== Required action ==
Retype, exactly and completely, the listing that comes next, skipping its images.

== Supplied information ==
-------
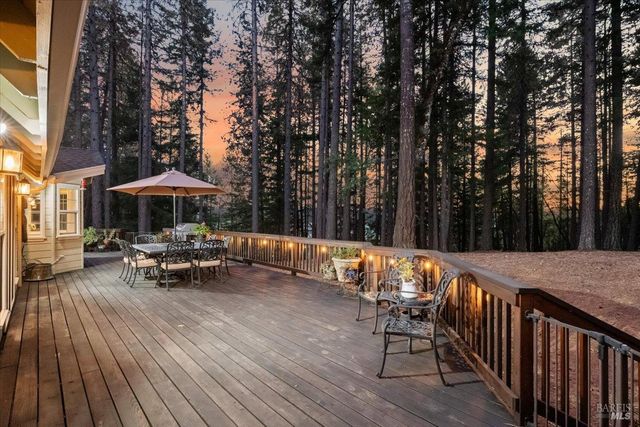 5701 Ridgewood Rd, Willits, CA 95490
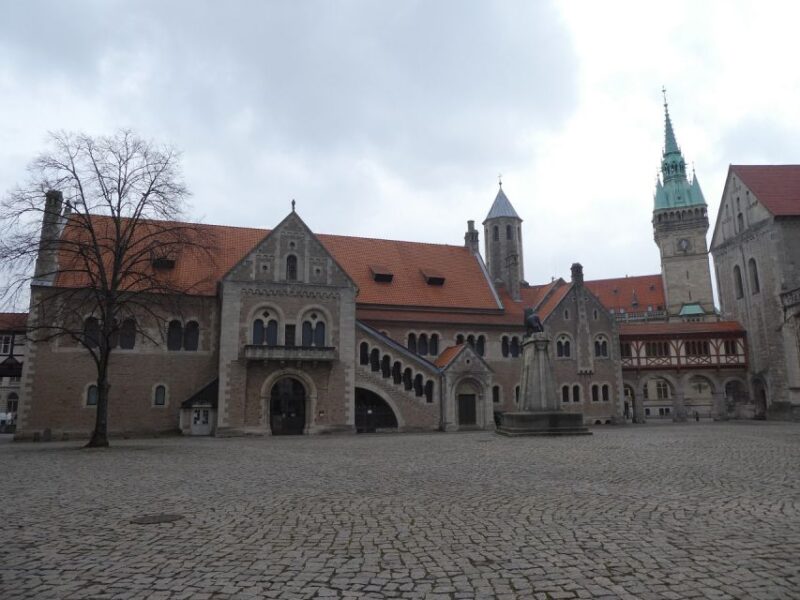 Braunschweig: Private City Walking Tour With Certified Guide - Booking and Cancellation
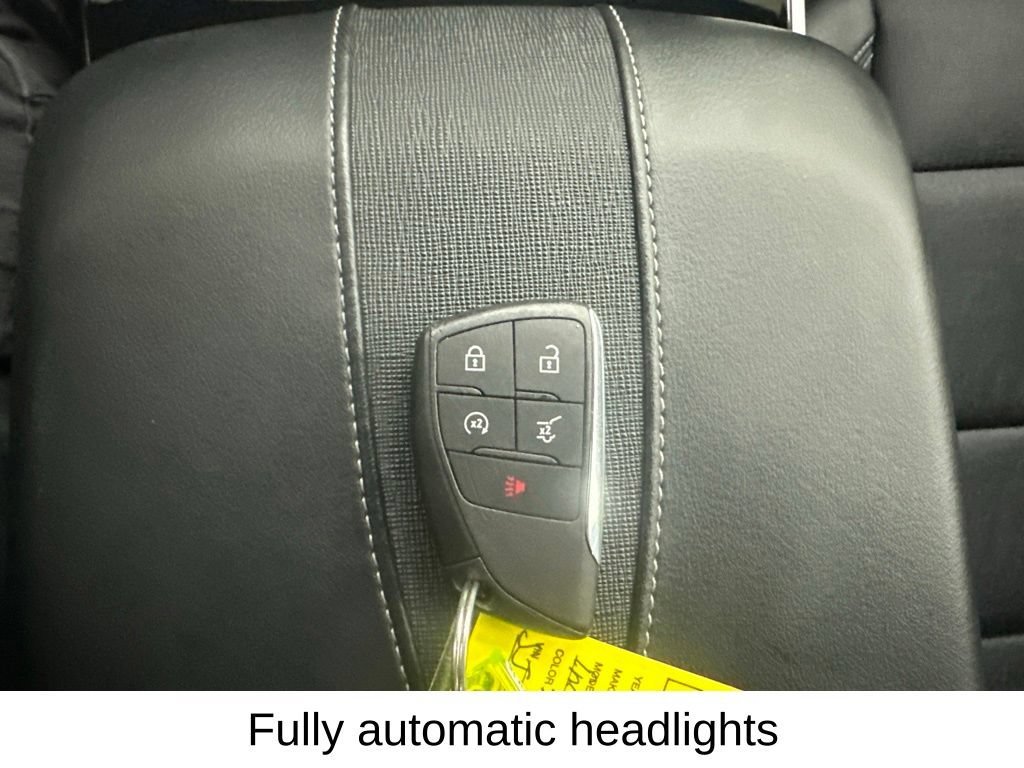 Used 2025 Buick Enclave Preferred w/ Power Package AWD/4WD image 42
-------
== Response ==
 5701 Ridgewood Rd, Willits, CA 95490
 Braunschweig: Private City Walking Tour With Certified Guide - Booking and Cancellation
 Used 2025 Buick Enclave Preferred w/ Power Package AWD/4WD image 42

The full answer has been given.